Dieser 3:2-Sieg gegen den FC Thun wirkte von aussen betrachtet wie ein hartes Stück Arbeit. Wie war es auf dem Platz?

Samuele Campo: Es war ein Krampf. Das kennen wir bereits von Thun, dass sie zu Hause stark sind, dass sie Druck machen und kämpfen bis zum Schluss. Umso wichtiger ist dieser Sieg.

Was war ausschlaggebend für den Sieg?

Wir haben als Mannschaft bis zum Schluss gekämpft, wir haben daran geglaubt und wollten diesen Sieg unbedingt.

Was war denn der Unterschied zum Spiel vor einer Woche, in dem ähnlich viele Wechsel vorgenommen wurden und man als Folge 1:2 gegen St.
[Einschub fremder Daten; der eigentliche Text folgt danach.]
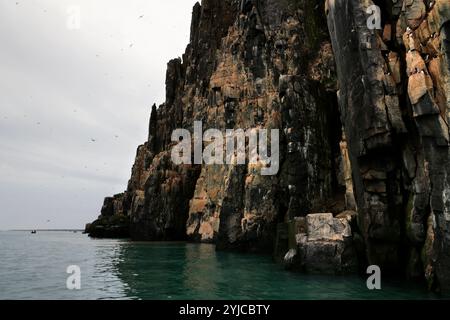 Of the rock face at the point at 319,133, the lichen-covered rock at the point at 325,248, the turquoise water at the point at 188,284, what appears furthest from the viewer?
the lichen-covered rock at the point at 325,248

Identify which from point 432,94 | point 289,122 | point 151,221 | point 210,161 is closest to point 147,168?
point 151,221

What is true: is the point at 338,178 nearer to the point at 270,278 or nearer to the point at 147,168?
the point at 270,278

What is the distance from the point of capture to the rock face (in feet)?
61.4

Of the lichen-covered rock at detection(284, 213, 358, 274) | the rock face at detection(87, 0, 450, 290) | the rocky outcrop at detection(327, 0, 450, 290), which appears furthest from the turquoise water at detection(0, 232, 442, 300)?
the rocky outcrop at detection(327, 0, 450, 290)

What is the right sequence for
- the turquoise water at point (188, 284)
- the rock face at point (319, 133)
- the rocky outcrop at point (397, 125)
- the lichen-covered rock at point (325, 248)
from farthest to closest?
the lichen-covered rock at point (325, 248), the rock face at point (319, 133), the turquoise water at point (188, 284), the rocky outcrop at point (397, 125)

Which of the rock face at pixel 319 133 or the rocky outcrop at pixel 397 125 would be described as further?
the rock face at pixel 319 133

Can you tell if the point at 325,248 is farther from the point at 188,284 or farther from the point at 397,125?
the point at 188,284

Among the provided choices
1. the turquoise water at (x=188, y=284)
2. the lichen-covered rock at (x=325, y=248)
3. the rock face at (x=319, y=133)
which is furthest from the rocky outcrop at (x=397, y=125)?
the turquoise water at (x=188, y=284)

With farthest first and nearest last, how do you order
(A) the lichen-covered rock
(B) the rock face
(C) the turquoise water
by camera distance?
1. (A) the lichen-covered rock
2. (B) the rock face
3. (C) the turquoise water

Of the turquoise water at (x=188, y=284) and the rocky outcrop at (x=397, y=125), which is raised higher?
the rocky outcrop at (x=397, y=125)

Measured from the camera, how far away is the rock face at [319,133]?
18.7 m

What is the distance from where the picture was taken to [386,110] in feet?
72.1

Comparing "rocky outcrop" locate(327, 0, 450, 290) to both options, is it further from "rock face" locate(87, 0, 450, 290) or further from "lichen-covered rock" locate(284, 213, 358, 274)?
"lichen-covered rock" locate(284, 213, 358, 274)

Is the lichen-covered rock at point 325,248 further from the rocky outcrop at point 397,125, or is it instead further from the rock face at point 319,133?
the rocky outcrop at point 397,125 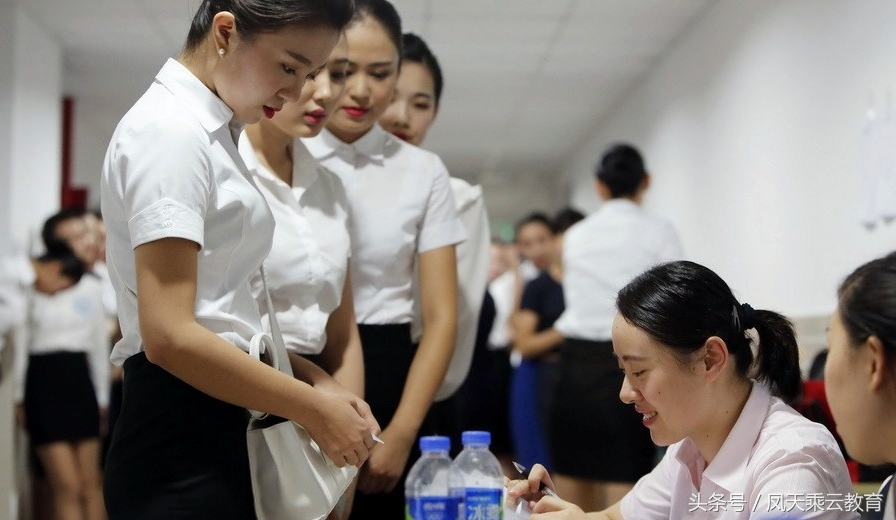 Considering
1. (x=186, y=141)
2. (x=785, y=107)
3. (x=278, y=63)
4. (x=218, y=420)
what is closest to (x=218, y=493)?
(x=218, y=420)

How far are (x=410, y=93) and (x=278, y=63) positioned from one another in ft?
3.39

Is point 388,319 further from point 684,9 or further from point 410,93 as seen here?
point 684,9

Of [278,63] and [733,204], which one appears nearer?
[278,63]

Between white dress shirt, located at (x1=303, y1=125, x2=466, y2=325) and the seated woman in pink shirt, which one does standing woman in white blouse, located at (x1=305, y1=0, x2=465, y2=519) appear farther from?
the seated woman in pink shirt

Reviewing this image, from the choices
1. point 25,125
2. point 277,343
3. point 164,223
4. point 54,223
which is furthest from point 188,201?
point 25,125

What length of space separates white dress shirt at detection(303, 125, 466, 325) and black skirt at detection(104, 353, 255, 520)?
655 mm

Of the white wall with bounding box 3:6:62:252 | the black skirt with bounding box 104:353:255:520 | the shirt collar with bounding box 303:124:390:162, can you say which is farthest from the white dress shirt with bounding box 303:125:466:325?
the white wall with bounding box 3:6:62:252

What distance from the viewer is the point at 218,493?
49.9 inches

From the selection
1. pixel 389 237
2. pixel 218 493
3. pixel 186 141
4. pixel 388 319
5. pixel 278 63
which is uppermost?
pixel 278 63

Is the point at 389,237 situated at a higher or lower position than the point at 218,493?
higher

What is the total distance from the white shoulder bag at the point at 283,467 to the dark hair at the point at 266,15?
1.28 feet

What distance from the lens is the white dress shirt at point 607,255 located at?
11.6ft

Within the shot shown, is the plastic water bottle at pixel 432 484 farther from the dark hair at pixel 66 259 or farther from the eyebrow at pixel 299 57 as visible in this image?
the dark hair at pixel 66 259

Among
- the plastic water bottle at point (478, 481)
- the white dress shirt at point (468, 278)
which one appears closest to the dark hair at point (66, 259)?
the white dress shirt at point (468, 278) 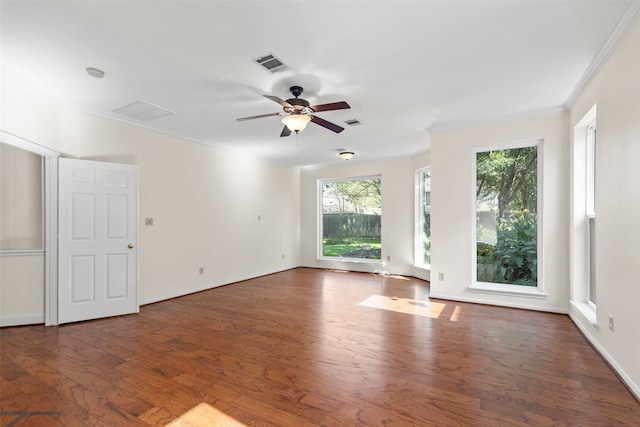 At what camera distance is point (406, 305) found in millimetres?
4535

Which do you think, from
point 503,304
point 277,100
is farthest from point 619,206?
point 277,100

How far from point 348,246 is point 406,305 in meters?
3.46

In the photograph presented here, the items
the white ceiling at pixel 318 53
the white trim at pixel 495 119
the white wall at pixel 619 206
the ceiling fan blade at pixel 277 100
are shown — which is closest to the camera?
the white ceiling at pixel 318 53

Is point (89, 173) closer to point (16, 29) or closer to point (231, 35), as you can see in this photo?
point (16, 29)

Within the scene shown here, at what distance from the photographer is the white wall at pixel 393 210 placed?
6841 mm

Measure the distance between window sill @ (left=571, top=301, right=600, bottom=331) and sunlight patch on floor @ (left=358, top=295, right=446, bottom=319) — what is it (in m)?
1.50

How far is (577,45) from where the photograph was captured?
2.60 metres

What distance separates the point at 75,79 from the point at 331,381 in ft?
12.6

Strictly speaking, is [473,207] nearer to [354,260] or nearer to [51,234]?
[354,260]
Gallen verlor?

Wir brauchen jedes Wochenende 100 Prozent, und wenn wir nur 99 oder 97 Prozent abrufen, dann reicht das halt einfach nicht. Das hat man gegen St. Gallen gesehen. Jetzt konnten wir diese 100 Prozent aber wieder auf den Platz bringen und sind glücklich über den Sieg.

Der Start war aber schwer, man ist wie gegen St. Gallen in Rückstand geraten. Was hat das ausgelöst?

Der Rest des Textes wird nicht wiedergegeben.